[Brief]
Exact copy, no pictures: reproduce the lines from the one that holds "5 Acrylic Buttons, Faux" through the end of the entries.

════

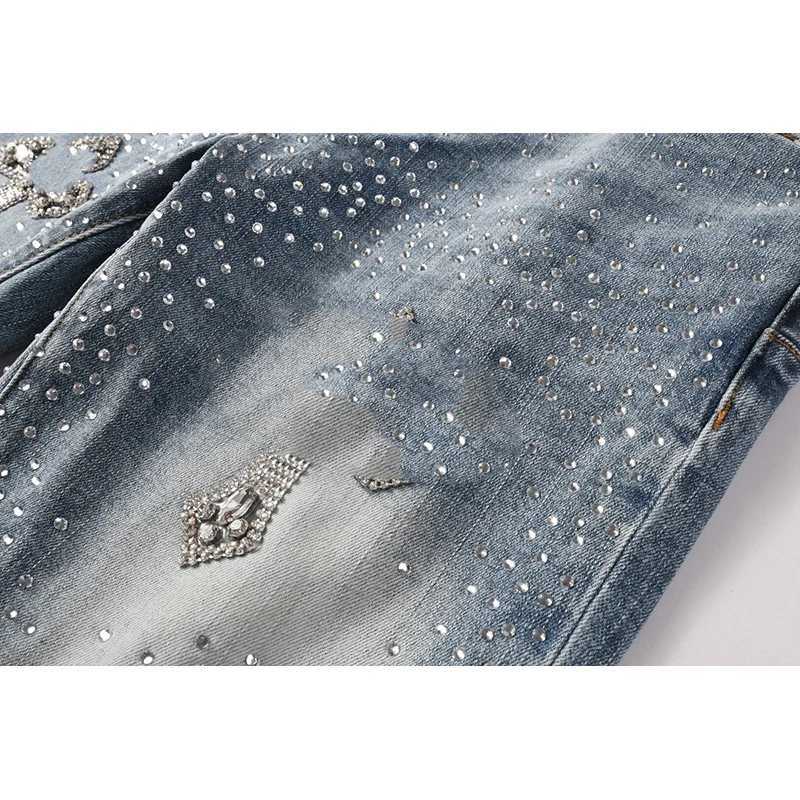 Washed Distressed Light Indigo Rhinestones Cross Patterns Stretch Skinny Button Fly Raw Hem Jeans Y251105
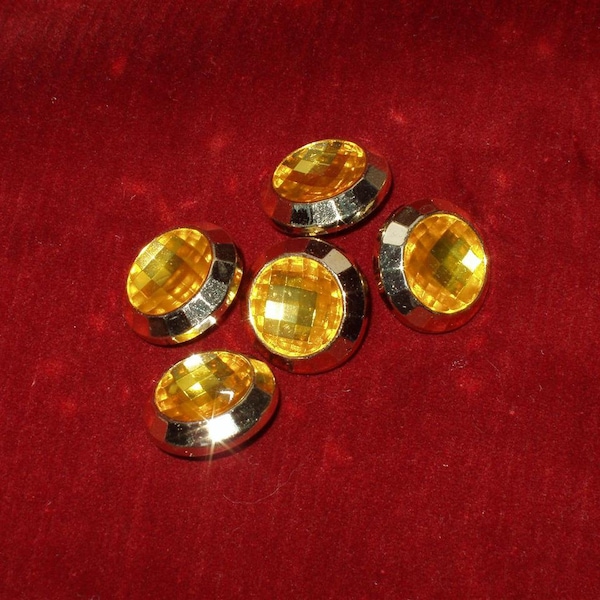 5 Acrylic Buttons, Faux Citrene Crystal Jewel with Gold Setting 3/4" wide Lightweight Yellow (1 order = 5 buttons)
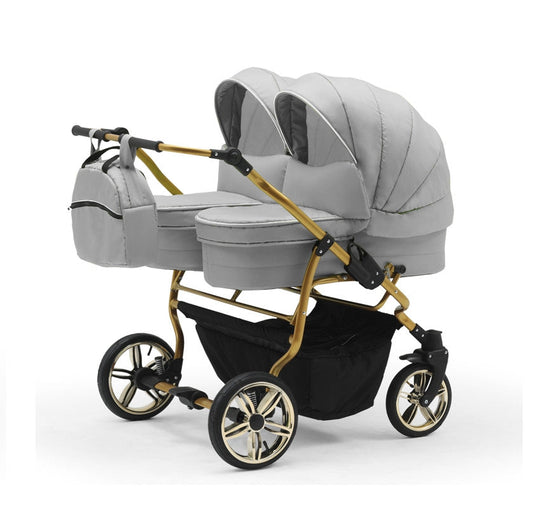 Carucior pentru gemeni Nativo Gemini 3 in 1 Gri Deschis/Gold latime 87 cm reversibil carucior-gemeni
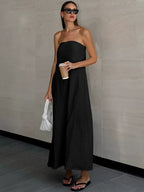 Strapless A-line Linen Long Dress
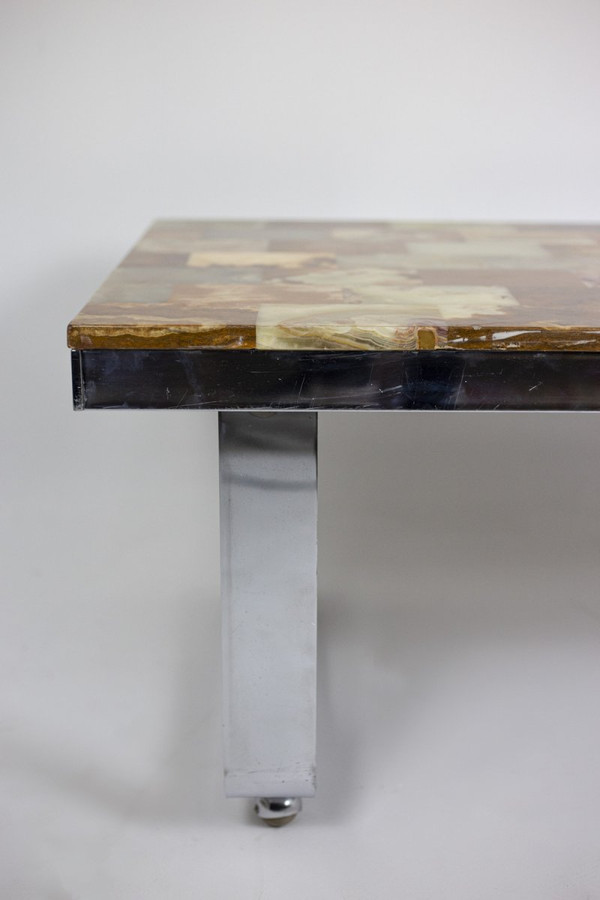 Coffee Table In Onyx And Chromed Metal, 1970s - Ls4303201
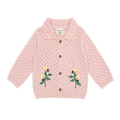 front of lily floral baby sweater knit cardigan made of organic cotton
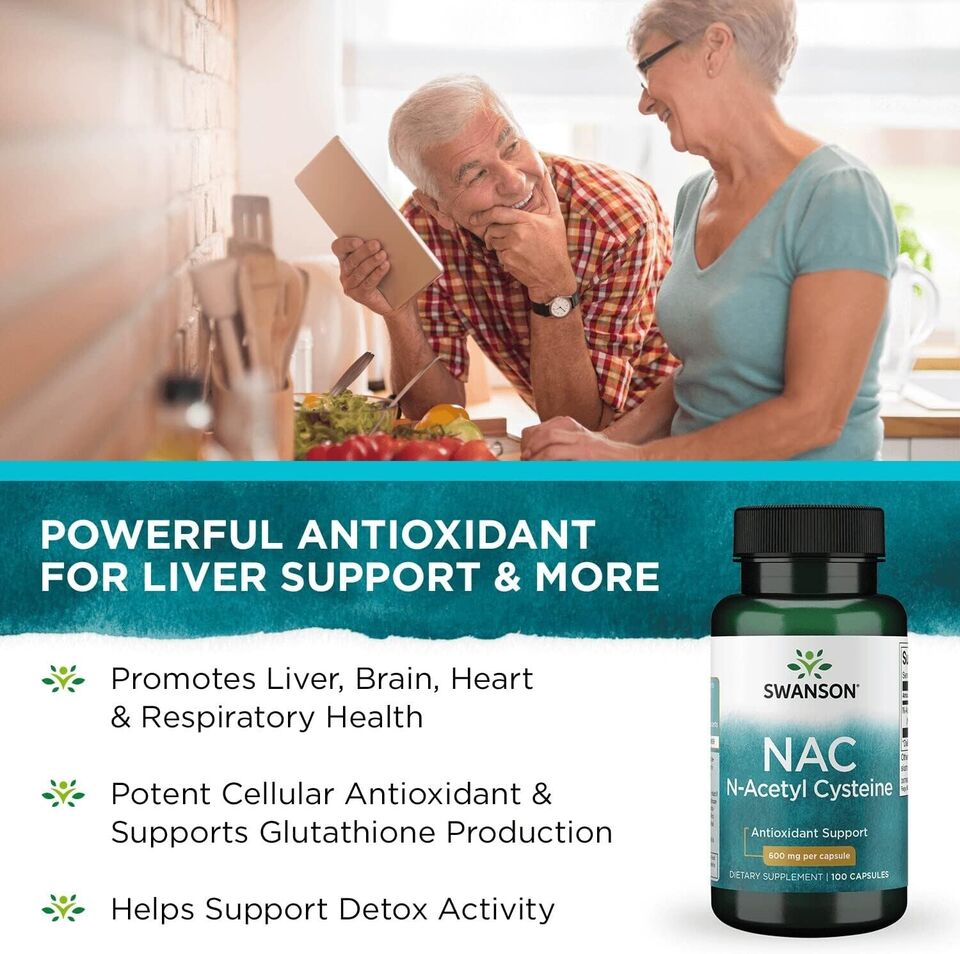 2 Pack NAC N-Acetyl Cysteine 200 Caps (2x100) 600mg For Liver Health Antioxidant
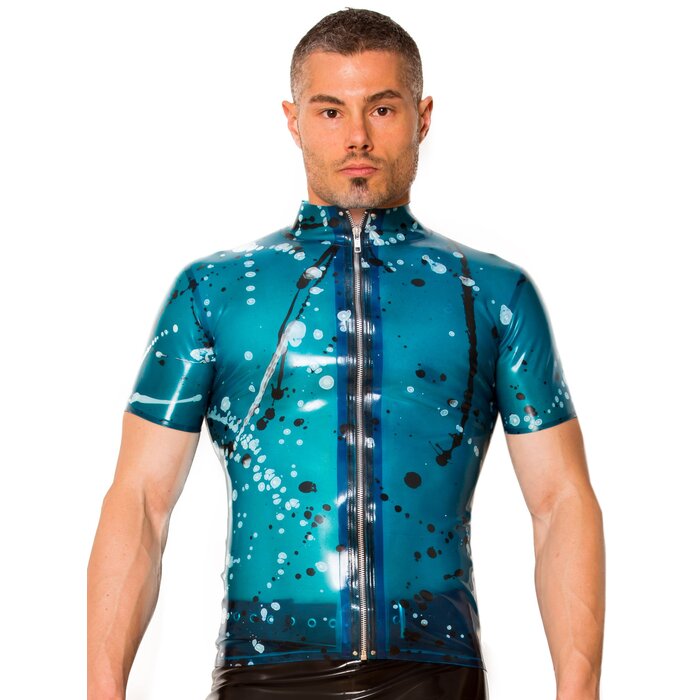 Marble Blue Collared Latex T-Shirt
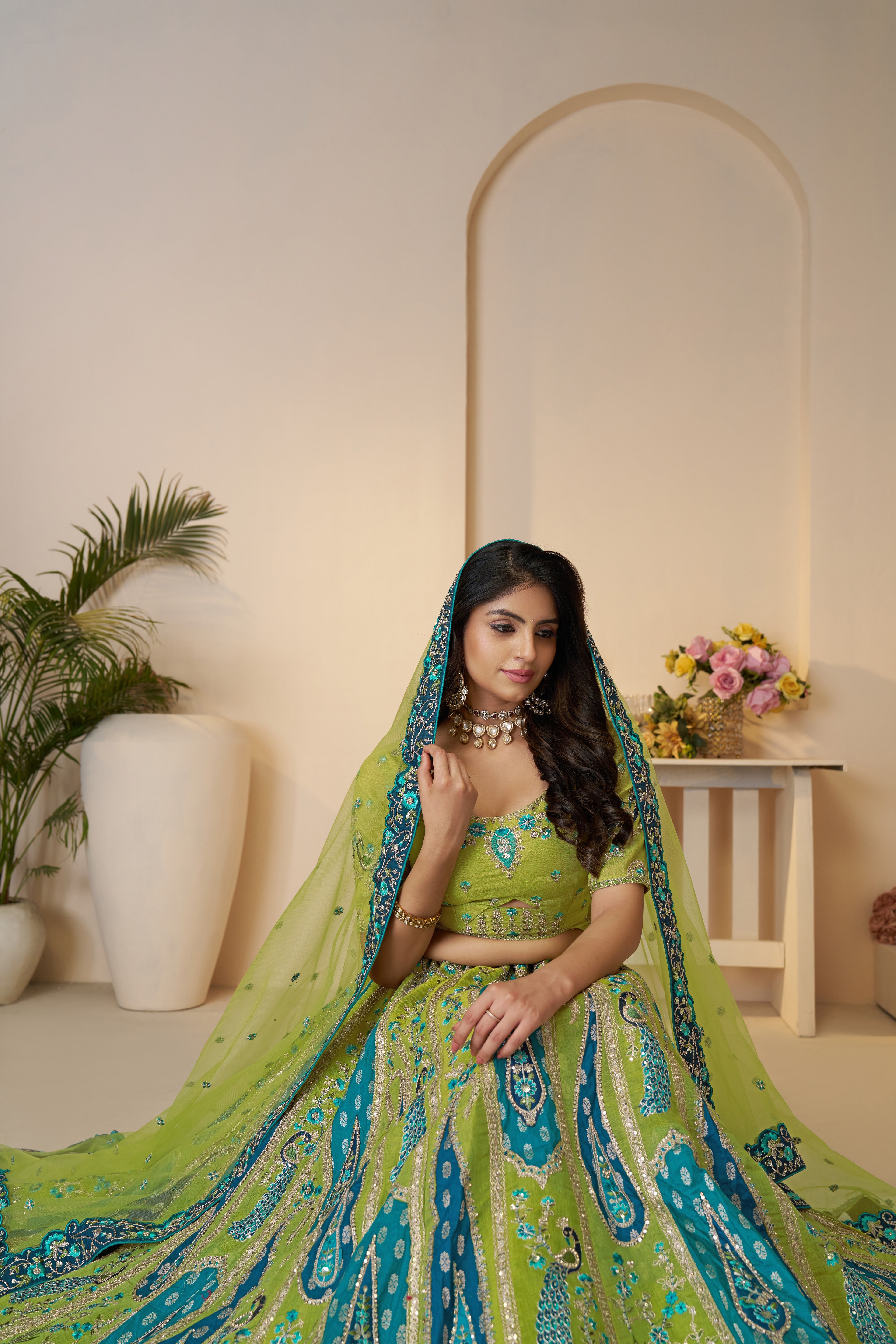 Fresh green Banarasi silk lehenga for vibrant ethnic style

════

[Exercise result]
 5 Acrylic Buttons, Faux Citrene Crystal Jewel with Gold Setting 3/4" wide Lightweight Yellow (1 order = 5 buttons)
 Carucior pentru gemeni Nativo Gemini 3 in 1 Gri Deschis/Gold latime 87 cm reversibil carucior-gemeni
 Strapless A-line Linen Long Dress
 Coffee Table In Onyx And Chromed Metal, 1970s - Ls4303201
 front of lily floral baby sweater knit cardigan made of organic cotton
 2 Pack NAC N-Acetyl Cysteine 200 Caps (2x100) 600mg For Liver Health Antioxidant
 Marble Blue Collared Latex T-Shirt
 Fresh green Banarasi silk lehenga for vibrant ethnic style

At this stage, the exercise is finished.